Rodeo Renewed gets green light from local county
Phillips 66 has the green light from the local county to proceed with Rodeo Renewed, the project to transform its San Francisco Refinery in Rodeo, California, into one of the world’s largest renewable fuels plants.
The Contra Costa County Board of Supervisors voted Tuesday to approve a land-use permit for the project, which was first approved unanimously by the county’s Planning Commission in late March. The latest vote paves the way for Phillips 66 to make a final investment decision on Rodeo Renewed in the coming weeks.
“We are extremely pleased with the county’s decision on Rodeo Renewed, a project that stands to improve local air quality, preserve family-wage jobs and help California meet its climate goals,” Phillips 66 San Francisco Refinery Vice President Rich Harbison said. “We thank the Planning Commission and Board of Supervisors for their due diligence, and we also extend our sincere gratitude to our employees and contractors, local labor unions, community leaders, businesses and neighbors for supporting our vision for Rodeo.”
Refinery employees and contractors celebrated the occasion Wednesday morning by raising the Rodeo Renewed and 76® Renewable Diesel flags outside Rodeo’s administrative building, where Harbison again thanked them for their support for the project and steadfast commitment to operating excellence.
Rodeo staff worked tirelessly over the past 20 months to engage with neighbors, community leaders and other key stakeholders, hosting more than 50 virtual and in-person events to share information on the project and its benefits. The efforts resulted in more than 2,000 letters of support for Rodeo Renewed being submitted to the county ahead of the permit votes.
Phillips 66 first announced plans to pivot its Bay Area refinery away from processing crude oil and toward renewables on Aug. 12, 2020. The company filed for a land-use permit that same day with Contra Costa County, home to the refinery and the lead agency for the project under California Environmental Quality Act guidelines.
The county’s Planning Commission voted 6-0 on March 30 to approve the permit for Rodeo Renewed. The vote was appealed by project opponents, triggering a special meeting and final vote by the Board of Supervisors.
With Rodeo Renewed, Phillips 66 intends to use a variety of renewable raw materials — fats, oils and greases — to produce lower-carbon transportation fuels beginning in early 2024.
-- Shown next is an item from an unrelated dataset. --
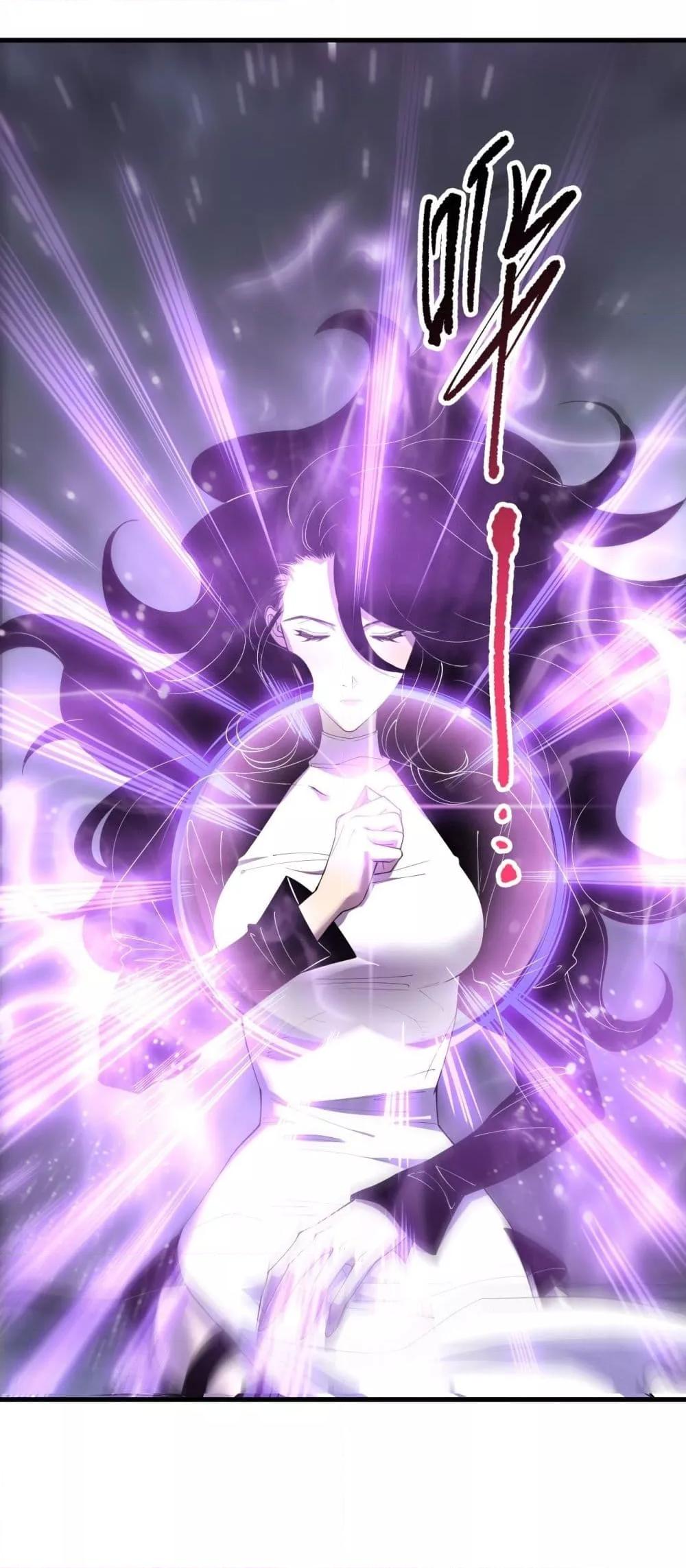 Manga-lc-com อ่านมังงะ อ่านการ์ตูน ออนไลน์ ฟรี NecromancerKin ตอนที่ 1 2 3 4 5 6 7 8 9 10 11 12 13 14 ฟรี ไม่มีโฆษณา Manga-lc - อ่าน มังงะ อ่าน การ์ตูน ออนไลน์ อ่านมังงะ ฟรี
The converted facility stands to have an initial production capacity of 800 million gallons per year (50,000 barrels per day) of renewable diesel, renewable gasoline and sustainable aviation fuel.
Production of these fuels is projected to slash lifecycle carbon emissions by an estimated 65% — the equivalent of taking 1.4 million gasoline-powered cars off California roads each year. Rodeo Renewed will cut criteria pollutant emissions at the site by 50% and water use by 160 million gallons per year.
The conversion will create more than 500 construction jobs and preserve more than 650 jobs, including full-time employees and contractors. It will also help California meet both its demand for renewable and conventional transportation fuels while assisting the state in achieving its environmental goals, including carbon neutrality by 2045.
“Rodeo Renewed is the right project for California at the right time, a perfect example of what a real, just energy transition can be about,” Harbison said. “The future is now.”